Investimenti vo cercando…
Non c’è articolo di giornale o discorso di politici che non parli della necessità di espandere gli investimenti. Pubblici e privati ovviamente. Il controllo diretto però lo Stato lo ha solo su quelli pubblici. Per gli altri bisogna creare condizioni favorevoli e incentivanti. Quelli pubblici però possono essere trainanti e imprimere uno slancio all’economia oltre che cambiare la situazione infrastrutturale del Paese. Dirlo, però, non significa farlo e ogni tanto bisogna pure ricordare che si tratta di una materia spinosa. Marco Ruffolo alcune settimane fa su Repubblica ha fatto il punto della situazione partendo dall’avvio del governo Renzi. Al suo esordio il nuovo governo trovò “una macchina delle opere pubbliche ridotta più o meno così: progetti portati avanti senza uno straccio di valutazione, zero risorse o quasi per interventi salva-vita come la difesa del suolo e la messa in sicurezza degli edifici, fondi europei non spesi o sprecati in una miriade di micro-interventi affidati alla cieca a Comuni e Regioni, dieci anni di attesa e più per il completamento di infrastrutture di oltre 50 milioni di euro”.

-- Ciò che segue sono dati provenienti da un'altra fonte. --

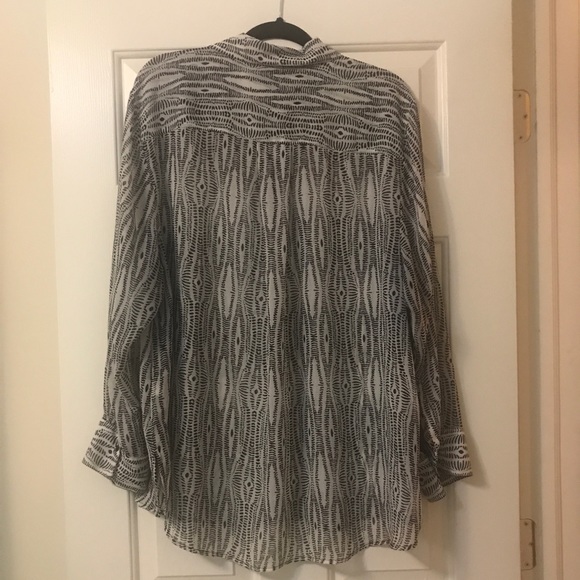 ❤️Lane Bryant Button Down Blouse❤️ - Picture 3 of 3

Dopo circa tre anni alcuni cambiamenti si erano realizzati. Una lenta ripresa degli investimenti pubblici in primo luogo, ma, rilevava Ruffolo, le grandi opere di collegamento come l’alta velocità “hanno a disposizione molte più risorse delle opere salva-vita, quelle che dovrebbero prevenire alluvioni, frane, crolli di edifici e incidenti ferroviari”. Avere risorse, però, non significa spenderle. Risale a pochi mesi fa la denuncia dell’Ufficio parlamentare di bilancio sull’assoluta incapacità dei ministeri nella valutazione dei progetti e l’assenza di una seria programmazione nazionale.

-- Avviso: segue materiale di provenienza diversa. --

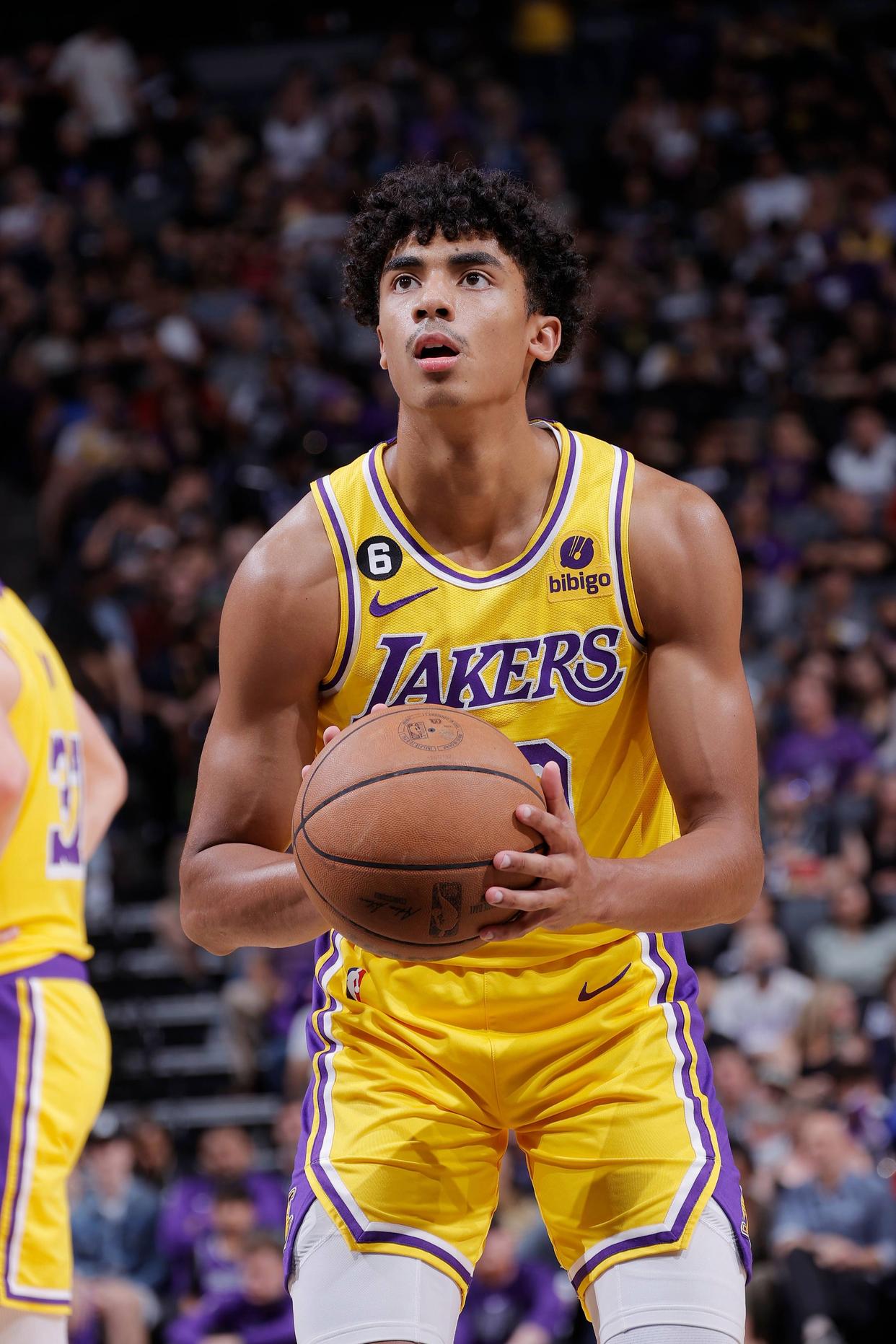 韦德体育平台-湖人胜利！浓眉26+10领先逆转国王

Un deficit di capacità storico si potrebbe dire. Prosegue l’analisi di Marco Ruffolo che fissa alcuni punti. Innanzitutto le risorse che adesso ci sono. Infatti “L’Italia ha vinto due battaglie con Bruxelles ottenendo da una parte la fine del patto di stabilità interno che impediva a molti Comuni di investire e dall’altra la possibilità di finanziare in deficit parte degli investimenti già decisi”; inoltre sono cresciute le risorse per le infrastrutture segnando un’inversione di tendenza dopo che “tra il 2008 e il 2015 i soldi per le opere pubbliche sono crollati del 42,6%. Questa volta dunque i soldi ci sono. Come si stanno spendendo e con quali priorità?”
I terremoti del 2016 hanno costretto a rimettere al centro le opere di messa in sicurezza sia degli edifici che del territorio, ma hanno anche messo a nudo i limiti di un apparato pubblico farraginoso reso ancor più lento dalle norme per prevenire la corruzione.

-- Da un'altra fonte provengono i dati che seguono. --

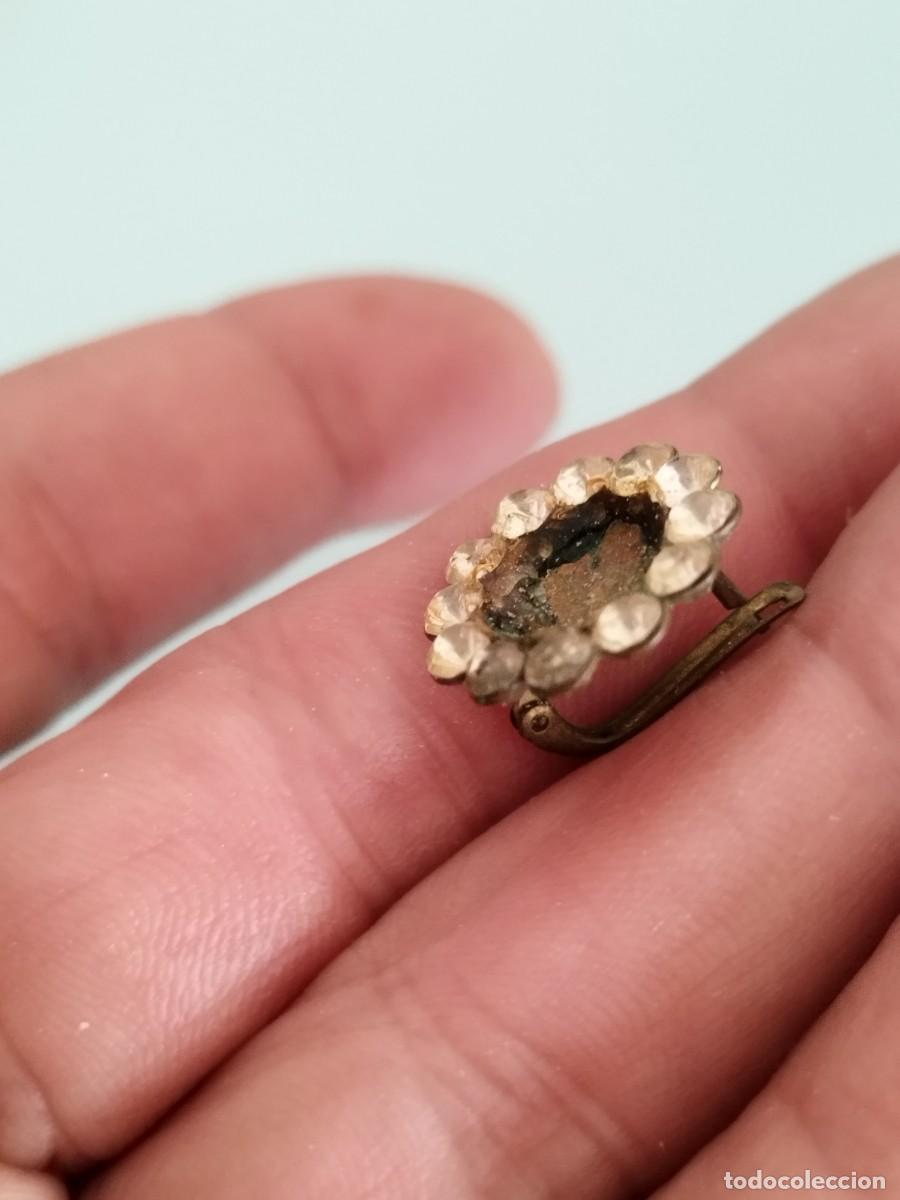 Joyeria: Antiguo pendiente en forma de flor a restaurar. - Foto 2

Nemmeno la constatazione che i danni sono sempre stati di gran lunga superiori ai costi della prevenzione ha cambiato granchè. La questione cruciale è però quella della capacità di valutazione, di decisione e di realizzazione.
L’Ufficio parlamentare di bilancio in suo recente studio afferma che: “I ministeri non dispongono di personale interno con le competenze professionali specialistiche necessarie, e lo stesso si può dire per i Nuclei di valutazione. Non c’è scambio di informazioni all’interno, non sono mai state applicate sanzioni per chi non fa il suo dovere”. Non c’è quindi da stupirsi se i progetti sono fatti male e si impantanano in un crescendo di tempi e di costi. Le competenze per di più sono frammentate con Regioni e Comuni che hanno il potere di rallentare ogni opera e di aprire un contenzioso dopo l’altro. Conclude l’analisi di Marco Ruffolo: “Di fronte a questo affresco di deresponsabilizzazioni, si capisce come in tutti questi anni siano finiti i soldi dei progetti europei: da una parte in maxi-opere che si sono presto impantanate con costi e tempi fuori controllo, dall’altra in migliaia di micro-progetti locali che non rientrano in nessuna strategia nazionale”.